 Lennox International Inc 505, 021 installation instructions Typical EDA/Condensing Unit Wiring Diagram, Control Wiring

* * *

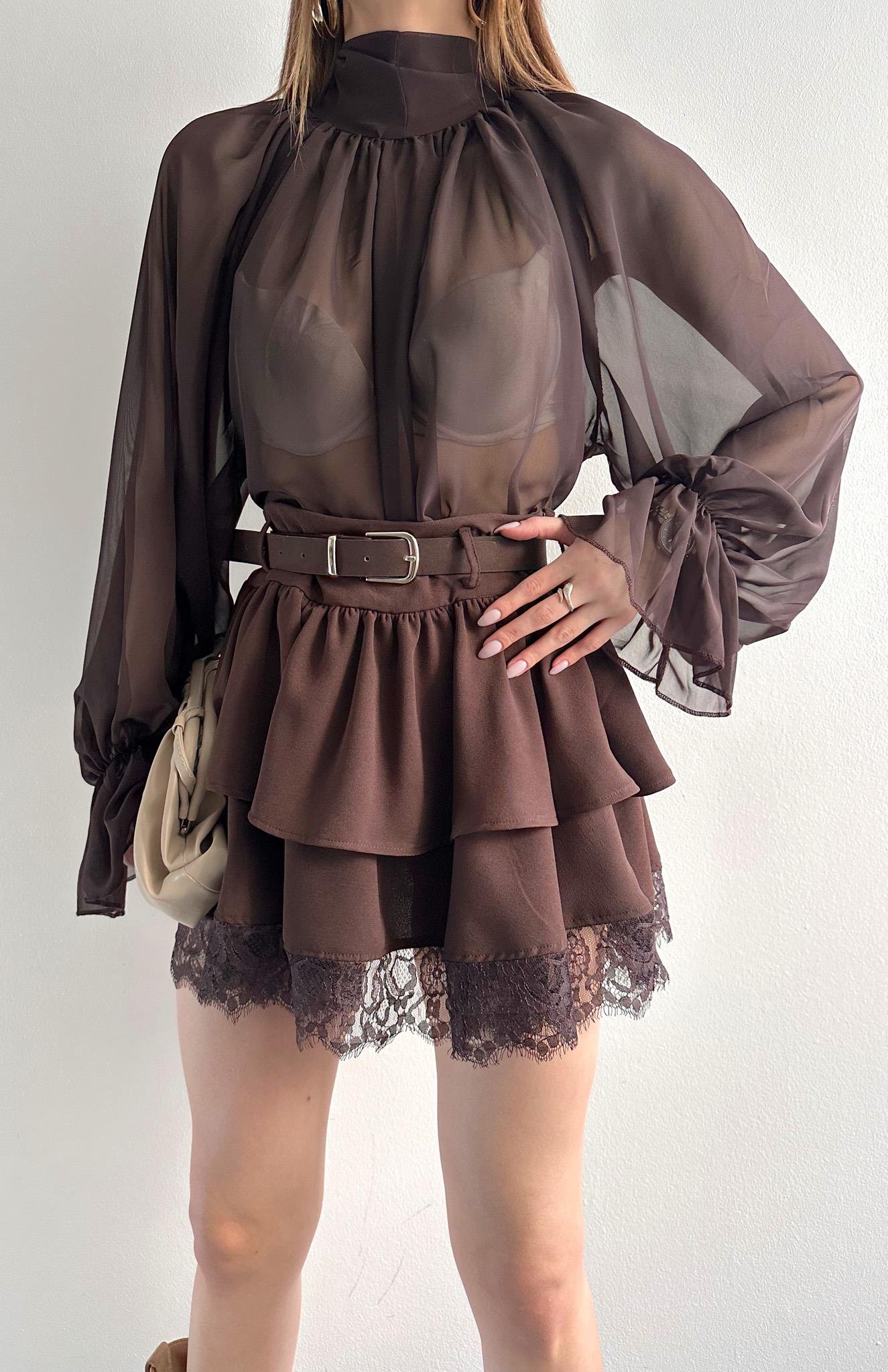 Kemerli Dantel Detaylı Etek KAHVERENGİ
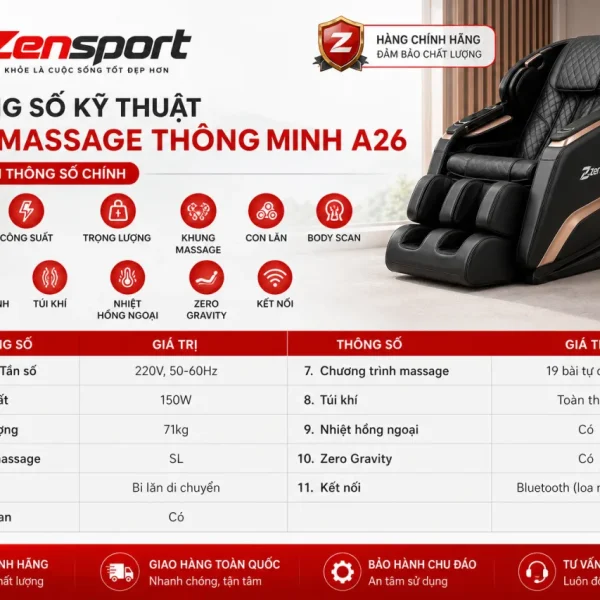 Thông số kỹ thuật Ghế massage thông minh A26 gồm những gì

**What needs to be done:**
Respond with the exact lines above running from the one containing "Kemerli Dantel Detaylı Etek KAHVERENGİ" to the one containing "Thông số kỹ", both ends kept and no pictures included.

**Exercise output:**
 Kemerli Dantel Detaylı Etek KAHVERENGİ
 Thông số kỹ thuật Ghế massage thông minh A26 gồm những gì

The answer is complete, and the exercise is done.